Exactly the lines from the line that has "Hey everyone, welcome" through the final line below are to be retyped, and the pictures are not.

[Saved data entries]
---

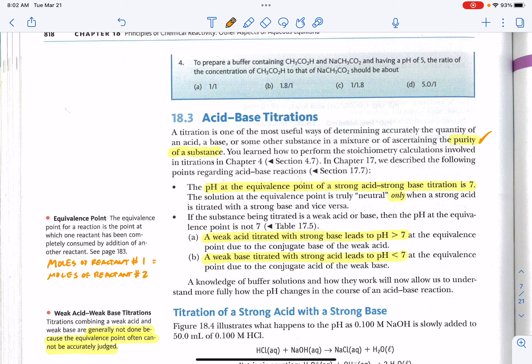A lot of times titrations are now done automatically. We have various machines connected to computers that can do many titrations very quickly and efficiently, as opposed to doing them manually in the laboratory where you might have a burette or a drop counter and go drop by drop, taking the entire class period. There are different kinds of titrations — we're going to look at acid-base titrations, but there are also titrations between oxidizing and reducing agents.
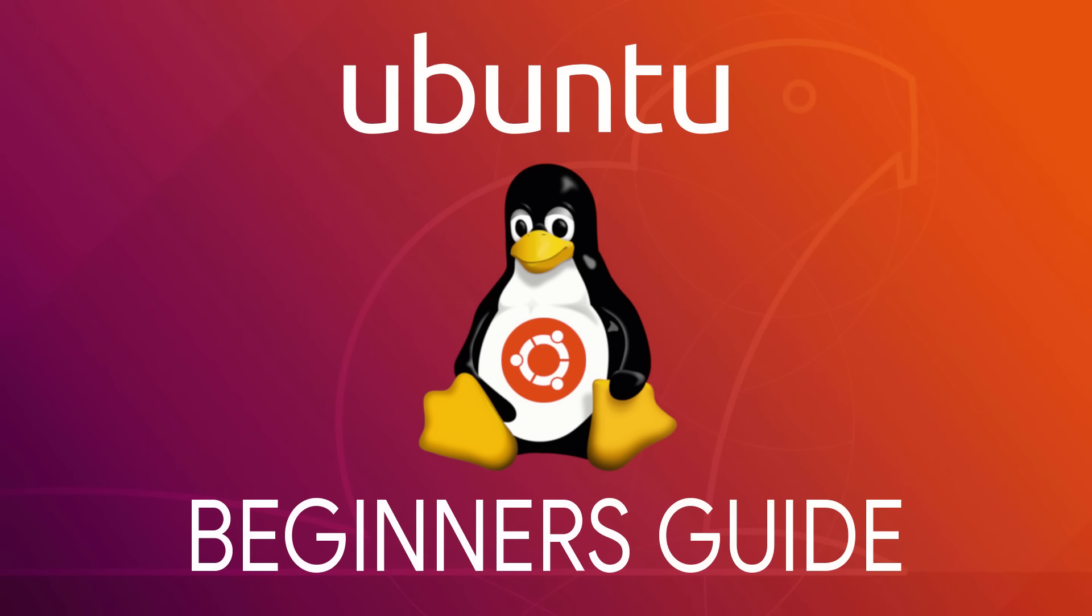And if you're new to this channel, subscribe and hit the bell icon so you don't miss out on the latest tutorials and other tech-related stuff from TechGumbo.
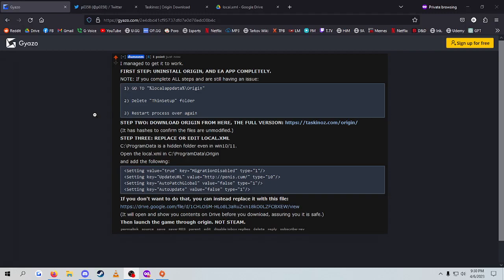Alright, if you're here, it's because you're having trouble with Origin launching games. At the moment, there's a huge issue, if you're not aware, where Origin is currently updating to their horrible, ridiculously terrible app from EA.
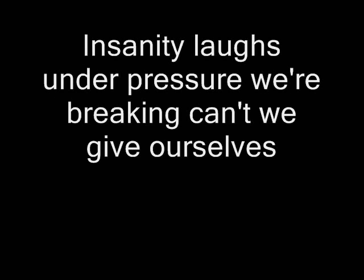Love, love, love, love. Insanity loves under pressure, way back in. Can't we give ourselves one more chance? Why can't we give love that one more chance? Why can't we give love, give love.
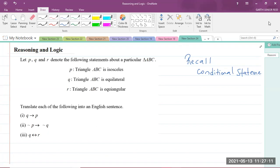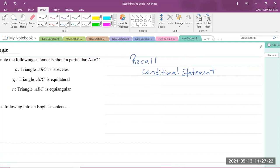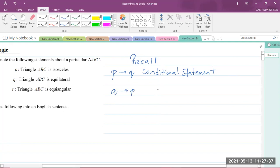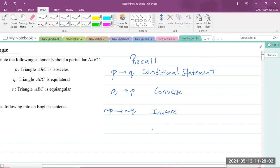Today we have our question focusing on Reasoning and Logic. Before I get into the question, let me remind you about some basic things. Recall that P implies Q is what we call a conditional statement. Q implies P is what we call the converse — you just switch around P and Q. And not P implies not Q is what we call the inverse of the conditional statement P implies Q.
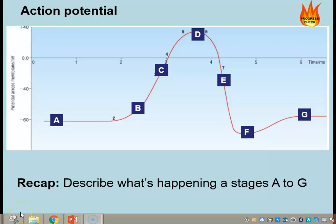Hi students. What we're going to look at today is how the action potential passes along the neuron. We've looked at how it arises at one point, but now we're going to look at how it is propagated along the neuron from one end to the other.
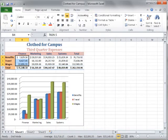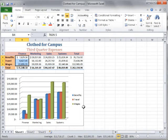Now, the maximum value will be shown on the status bar in the Auto Calculate area.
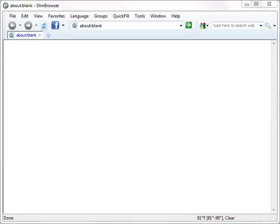Download Slim Browser now to start enjoying a whole new web surfing experience right away!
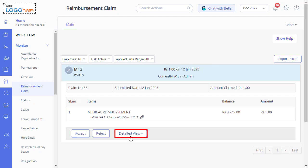Click on Detailed View. From here, you can monitor the progress of the claim request.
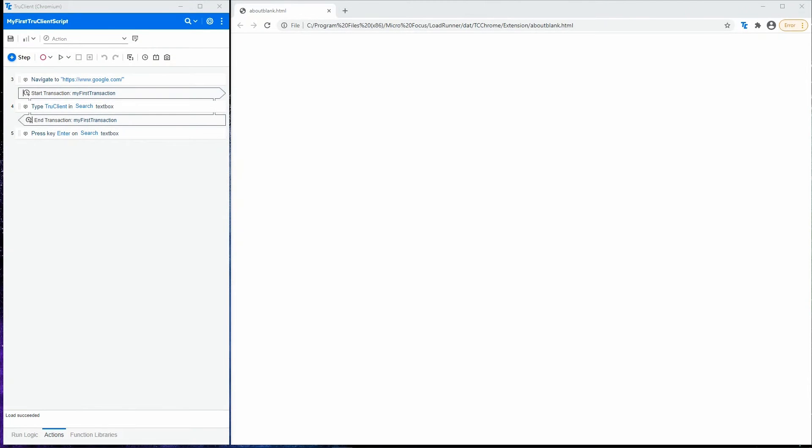In this short tour, we will learn about TrueClient user interface. The core part of the interface is a development window, which contains all the tools you need to develop your TrueClient scripts.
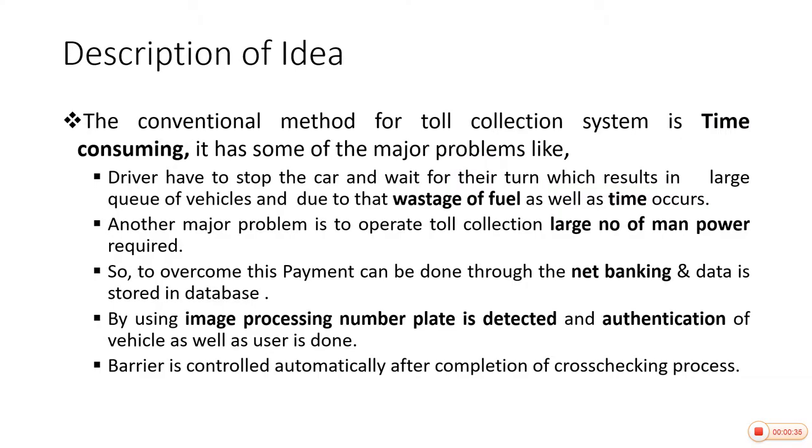This is the description of idea. In that, the conventional method for toll collection system is time consuming. It has some major problems like driver has to stop the car and wait for the turn, which results in large queue of vehicles and due to that wastage of fuels as well as time occurs.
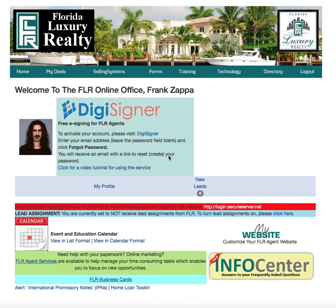Hello, Florida Luxury associate. This is a video training for your back-office website — one in a series. This video is going to cover adding a contact to your Florida Luxury back-office database. As a Florida Luxury agent, you receive a complimentary client relationship management system, or CRM.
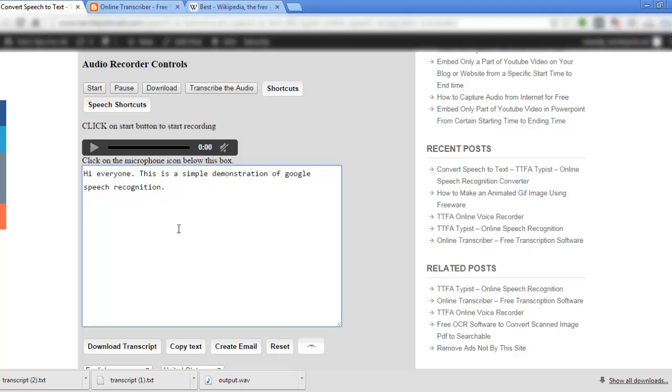If you want to delete the text click reset. Thank you for watching and do share the video if you found it useful.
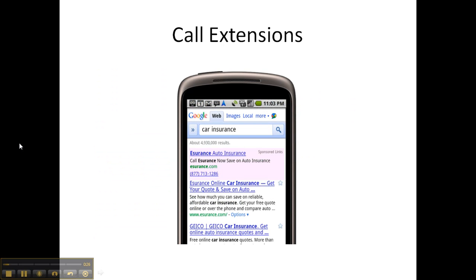The first type is a call extension, and you can see here that the business's phone number is displayed in the AdWords ad. This particular ad is called a click-to-call ad. So if you click that while on your high-end mobile phone like an iPhone or Droid, you will actually call that number and be connected directly to that company.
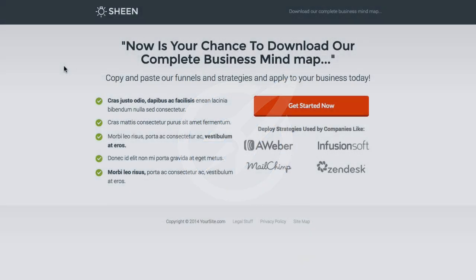First things first, you're going to need a Google Analytics account, and obviously you're going to want to have your OptimizePress site set up and installed.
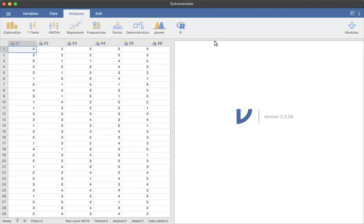This is just a quick video to talk about missing values in Jamovi. One note is that we're going to get a lot more complicated talking about missing values later in the semester, but for right now, I'm just talking about how you can set missing values in Jamovi.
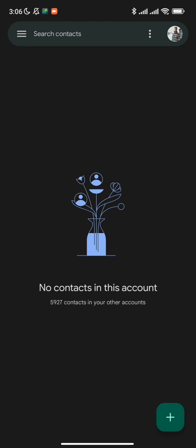The best part about this is that your phone can be off and your contacts are going to be getting saved automatically. Your phone doesn't need to be on for this to work.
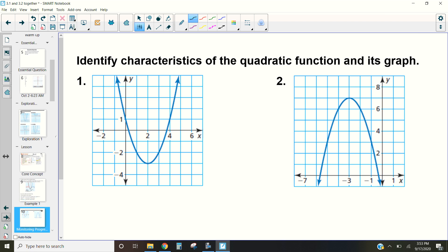Now let's look at these graphs and identify those characteristics. For this first one, I want to find the vertex — that's the lowest point. Looking at the graph, my x-value is 2 and my y-value is −3, so our vertex is at (2, −3). There is a relationship between our vertex and our axis of symmetry: the axis of symmetry is the same as the x-value of our vertex.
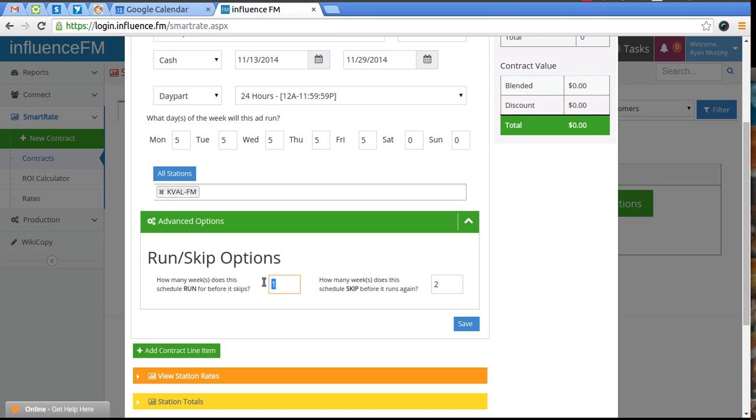If we put this out of two, it would run two weeks and then skip two weeks and then run two weeks again.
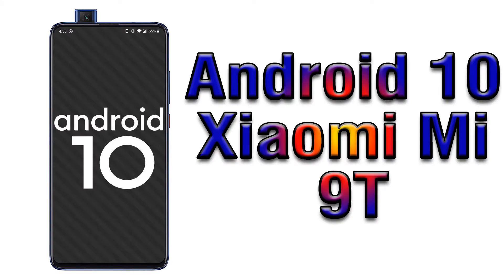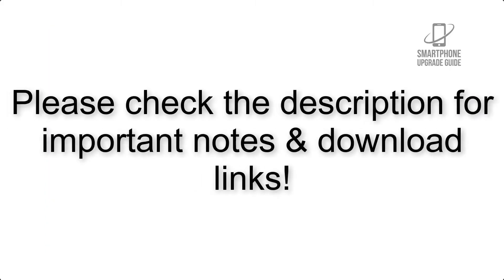Install Android 10 on Xiaomi Mi 9 via Lineage OS 17. Please check the description for important notes and all the download links.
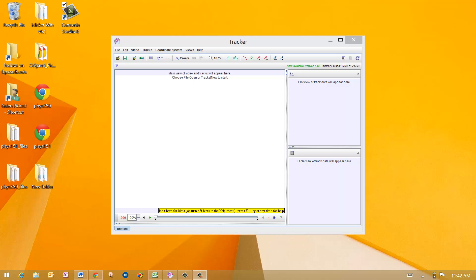Hello, this is Galen Pickett, Cal State University of Long Beach, and this is the introduction to the tracker tool.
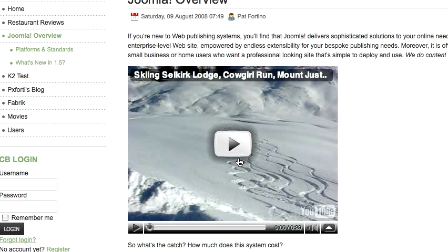The nice thing about using YouTube for your videos is that, number one, they get better search engine optimization because people can also find them on YouTube. Furthermore, you don't have to use all the bandwidth on your website for a video to be played and also to be stored.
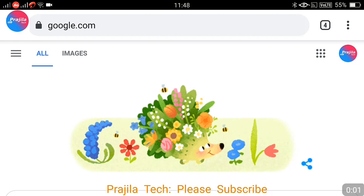Hello friends, welcome back to our channel. This video is particularly for Karnataka — how to search, apply and get an encumbrance certificate online for your property. We had already published a video one and a half years back for the encumbrance certificate, but this is the latest 2021 method.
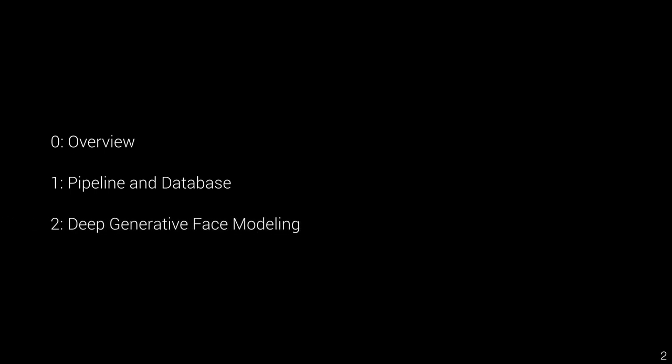The outline will be as follows: I will give you an overview of the topic, go through the automatic facial scanning pipeline, and give some use cases for a facial scanning database. Later, Yadje will talk about the most recent advances in our research in deep learning-based methods for generative face modeling.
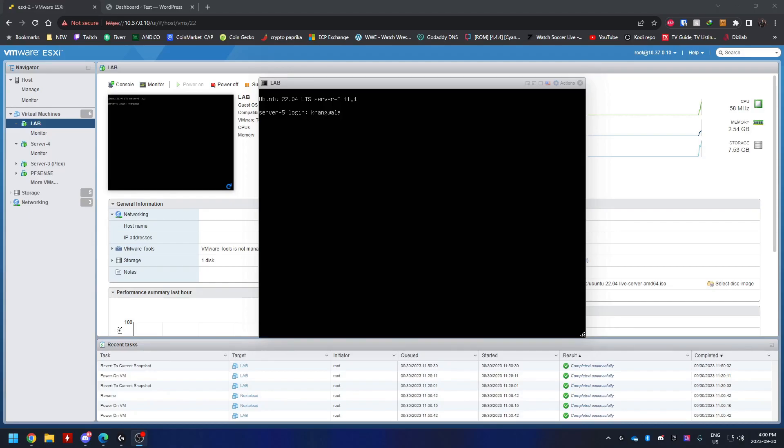Hey guys, welcome back to the channel. In this video, I want to go over how you can install WordPress on your own self-hosted Ubuntu server.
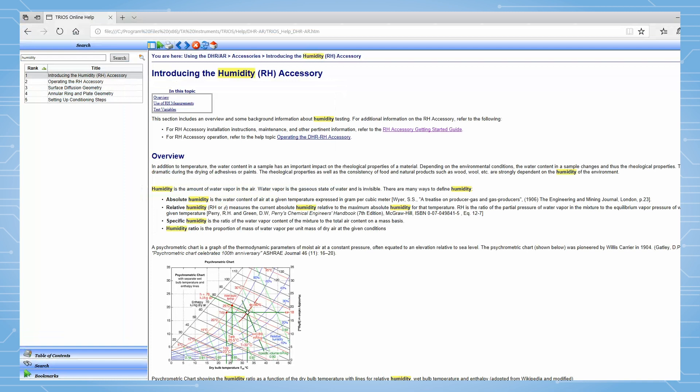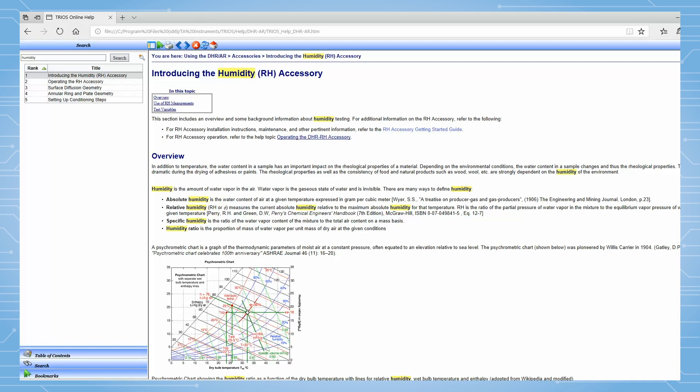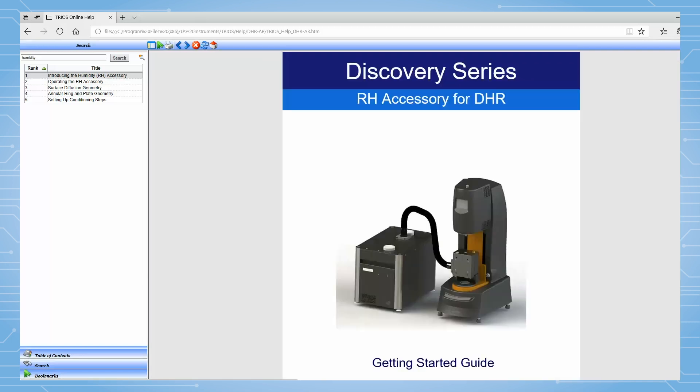First of all, please follow the DHR-RH getting started guide manual and the RH accessory setup tech tip to properly install the humidity generator and humidity chamber.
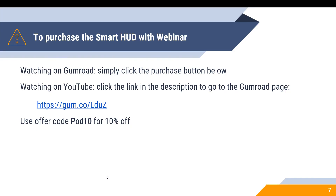To purchase the Smart HUD, if you're watching this on Gumroad just click the purchase button below. If you're watching on YouTube, click the link in the description or type in the page directly. And because you've watched this video to the end, please use offer code POD10 for 10% off.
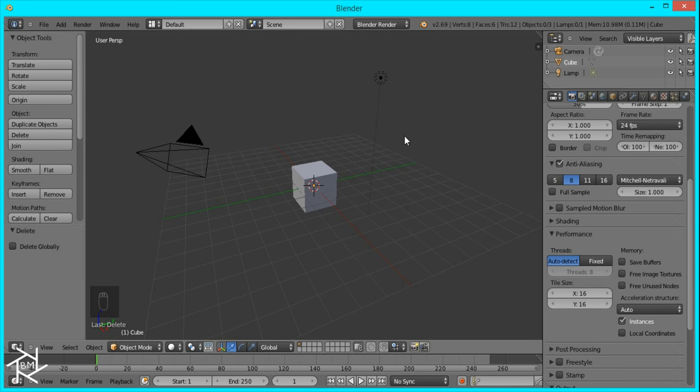Hey everyone, this is BlendMaster here, and happy Easter to all of you. Today I'm going to show you how to create a cool Easter-themed scene inside Blender. So let's get started.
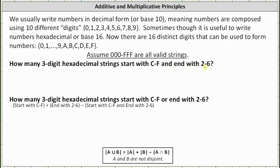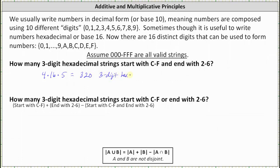Using the multiplicative principle, we can think of this as three events: selecting the starting digit, selecting the middle digit, and selecting the ending digit. There are four choices for the starting digit, 16 possible digits for the middle digit since there are no restrictions, and for the ending digit the options are 2, 3, 4, 5, or 6, giving five choices. So 4 times 16 times 5 is 320. There are 320 three-digit hexadecimal strings starting with C through F and ending with 2 through 6.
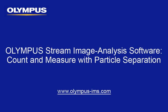This tutorial is one of many instructional videos presented by the Olympus Industrial Equipment Group. This tutorial video will provide you with detailed instructions to perform count and measure with particle separation within the Olympus Stream image analysis software.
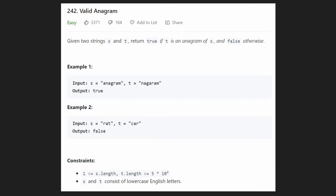Hey everyone, welcome back and let's write some more neat code today. So today let's solve the problem Valid Anagram, and we're actually going to be solving this a few different ways, so maybe you will learn something today.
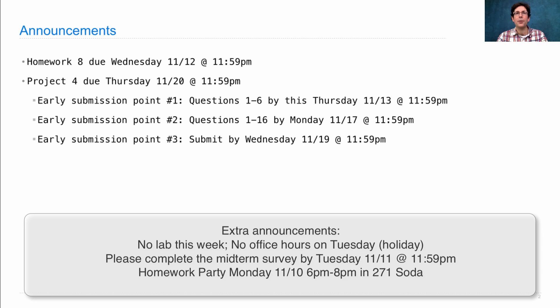In order to get you started with all of these things, we will be holding a project and homework party this Monday in the labs, 271 Soda, starting at 6 p.m.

---

RESPONSE:
Hey everyone, welcome back and let's write some more neat code today. So today let's solve the problem Valid Anagram, and we're actually going to be solving this a few different ways, so maybe you will learn something today.
In order to get you started with all of these things, we will be holding a project and homework party this Monday in the labs, 271 Soda, starting at 6 p.m.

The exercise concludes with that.